Latria: So, like any good freelancer I’m working on what feels like a kajillion things. I’m working on a longform piece for The New Republic right now about Bubba Wallace and NASCAR, and back in 2016 he was leaving Xfinity and would eventually move up to the Cup Series and I was like the only Black woman reporter on that beat at the time at Charlotte Motor Speedway. So it’s talking about a lot of the racial issues and tensions in NASCAR, what it was like for me, what it seems to be like for time. That’s gonna be out early next year. I actually just finished in Montgomery, Alabama. I’m not sure where this piece goes yet, but I spent a couple of days in the slave warehouses where people, once they made their transatlantic voyage…I went to the area of the Alabama River where they got off of those ships and then walked to the slave warehouses where they were placed until they were walked to the center of town/the square where they were sold. So I’ve done that twice in Mobile and Montgomery, and once in Savannah.

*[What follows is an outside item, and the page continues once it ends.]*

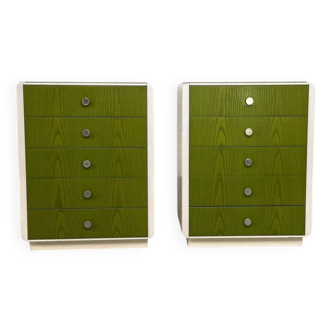 Tables de Chevet en Bois Beige et Vernis Vert, Norvège, 1960s, Set de 2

So, walking in those historical footsteps and talking about terror and what it means in this moment. The first time I did it was in 2018; what it means to do it again in 2020. Same thing for the Equal Justice Initiative lynching memorial. I was there the day after it opened in 2018 and I spent several days there to talk about terror and horror and unseen things. So I’m still sitting with that to figure out what it need to be. You have to wait for the noise to clear, because you never…As a freelancer you’re always worried about being a has-been or, like, can I top myself, or whatever. You have to just let that go and let this piece…Just like I did with the other one, it has to be able to read and speak to what it’s gonna be.

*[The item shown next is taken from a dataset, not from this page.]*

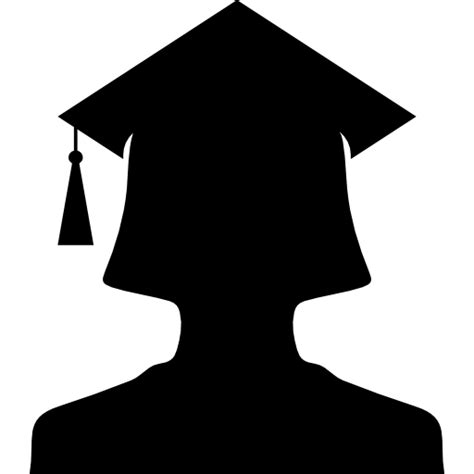 Female university graduate silhouette with cap - Free education icons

Then I’m also doing a riff on Toni Morrison’s Playing in the Dark, about whiteness and wilderness and the fact that there are no Black people in outdoor literature until 5-10 years ago and what that means and sort of how we’re forced to step into someone else’s footsteps but people are not able to access ours for the most part. I do a lot of book criticism for the Atlanta Journal Constitution and so this idea of playing with language and identity and empathy is something that’s been on my mind. So that one may be a little bit more academic. Obviously Bubba Wallace is probably more exciting to a lot of people, especially to sports folks. But yeah, speaking about some of the big things, right, and what that means, especially ahead of November. I know we’re all biting our fingernails. So, I’m gonna finish those things, take a little bit of a break, and be ready to write it all down right before the election starts. So I’m gonna take a break and then I will be ready to come back swinging.

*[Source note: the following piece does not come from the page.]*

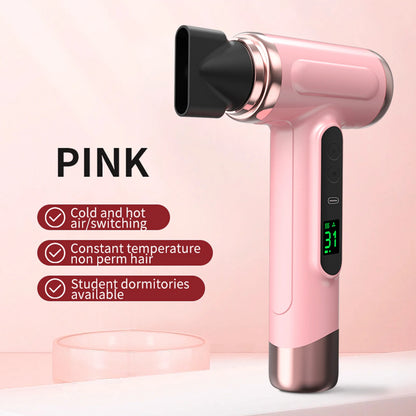 Wireless Hair Dryer Portable High Speed HairDryer Digital Display USB Rechargeable Hairdryer Quick Drying For Home Salons Travel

Jessica: That all sounds amazing. How can our listeners find you and your work so they don’t miss any of this when it comes out?

Latria: I love Instagram, for whatever reason. It’s visual, it just…Yeah. I follow your baking, like, YES, my girl came out with something new! [laughs] I’m not even eating it but it makes me so happy. But there are also some really interesting discussions happening there. So, @mslatriagraham is the way to find me on Instagram. Occasionally I tweet, not as often. It feels like talking to an empty room in some ways and I’m not very good at that. And I’m not very funny, like, I’m not witty, I’m not quick on the draw. [laughs] Two fun things about me: I’m not very funny and I don’t know how to use a combination lock. We all have our things. [laughs] So I don’t tweet as often. But then my website stays fairly frequently updated and that’s latriagraham.com. So yeah, I’m really accessible on all the things for the most part.

Jessica: I love that the way you told me you’re not funny made me laugh really hard, so I’m not sure that I believe you. But Latria, this has been such an honor for me, I’m a huge fan of yours. Thank you so much for coming on Burn It All Down and talking about this with me.

Latria: Yeah, of course, thank you. I have been fans of y’alls for a long time and you know this. This is very much like, “I’ve reached it! I’ve peaked! I don’t know where we can go from here!” [laughs]

Jessica: Oh, you’re gonna keep climbing. I’m not even worried about it. 

Latria: Thank you for the vote of confidence and thank you again for having me.